SNP plans to impose a £1 billion ‘Scotland surcharge’ on families and businesses have been revealed by new research.

The Scottish Conservatives have published analysis of SNP tax policies, which has revealed the £1.03 billion hike.

The plans will make Scotland the highest-taxed part of the UK over the next four years.

The research looks at income tax, business rates, stamp duty reforms and air passenger duty.

Next year alone, the nationalists’ decisions will add an extra £212 million onto the country’s tax burden, a figure that will increase every year until 2020/21.
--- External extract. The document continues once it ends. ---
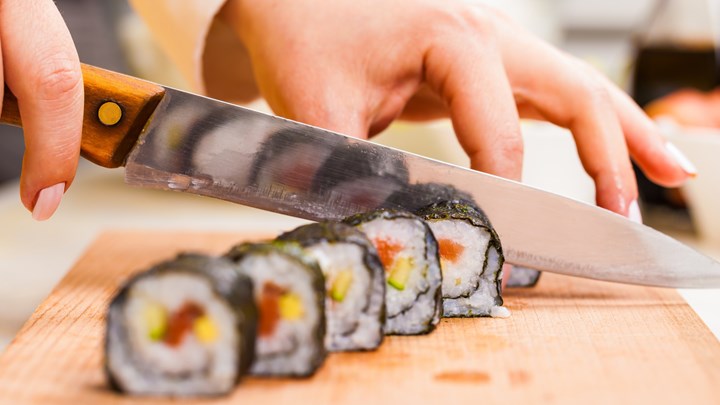 sushi being prepared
The complete analysis is set out in the scorecard below:

(£m) 2017/18 2018/19 2019/20 2020/21
Income tax: Personal allowance to £12,750
Income tax: Higher tax rate threshold frozen +130 +220 +290 +370
Income tax: Increase additional rate of tax to 50p -30 -30 -30
Business rates: doubling the large business rates supplement +64 +65 +66 +67
Residential Land and Buildings Transaction Tax in place of Stamp Duty Land Tax +18 +21 +24 +27
Cut in Air Passenger Duty -38 -81 -127
TOTAL TAX DECISIONS +212 +238 +269 +307

Scottish Conservative leader Ruth Davidson said:

“The SNP seeks to blame Westminster at every turn, but now it’s up to Nicola Sturgeon how much tax Scots pay.

“It’s clear the SNP want to clobber hardworking families and make Scotland the highest-taxed part of the UK.
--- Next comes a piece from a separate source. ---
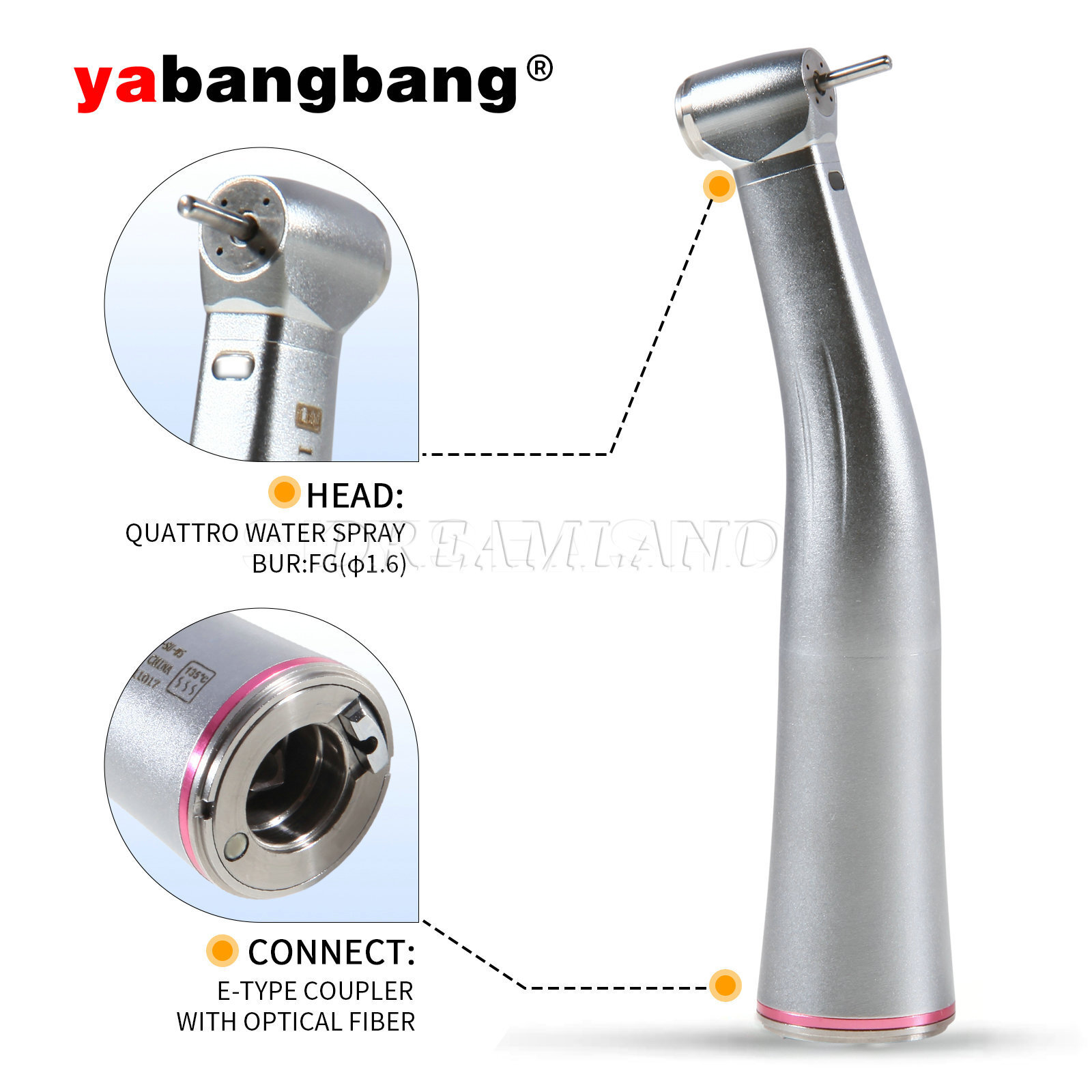 Dental 1:5 Increasing Low Speed Contra Angle Handpiece E-type Inner Channel Red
“Just as we should be telling the world we’re open for business and investment, the First Minister wants to drop a billion-pound bombshell on the Scottish economy.

“The buck now stops at Bute House – and Scotland can’t afford the SNP.”

Secretary of State for Scotland David Mundell said:

“The Scotland Act 2016 devolves unprecedented powers over tax and welfare to the Scottish Parliament.

“How the SNP use those powers is now up to them – and they will have to account to the Scottish people for their plan to tax Scotland £1 billion more than England over the next four years.”
Income tax: Personal allowance to £12,750

  • Policy detail: The Scottish government have pledged to raise the personal allowance to £12,750 by the end of the Scottish parliamentary term in 2021/22. The UK government are committed to a personal allowance of £12,500 by the end of the UK parliamentary term in 2020/21, a year earlier than the Scottish government’s timeframe (SNP, Manifesto, May 2016, link; Conservative Party, Manifesto, May 2015, link).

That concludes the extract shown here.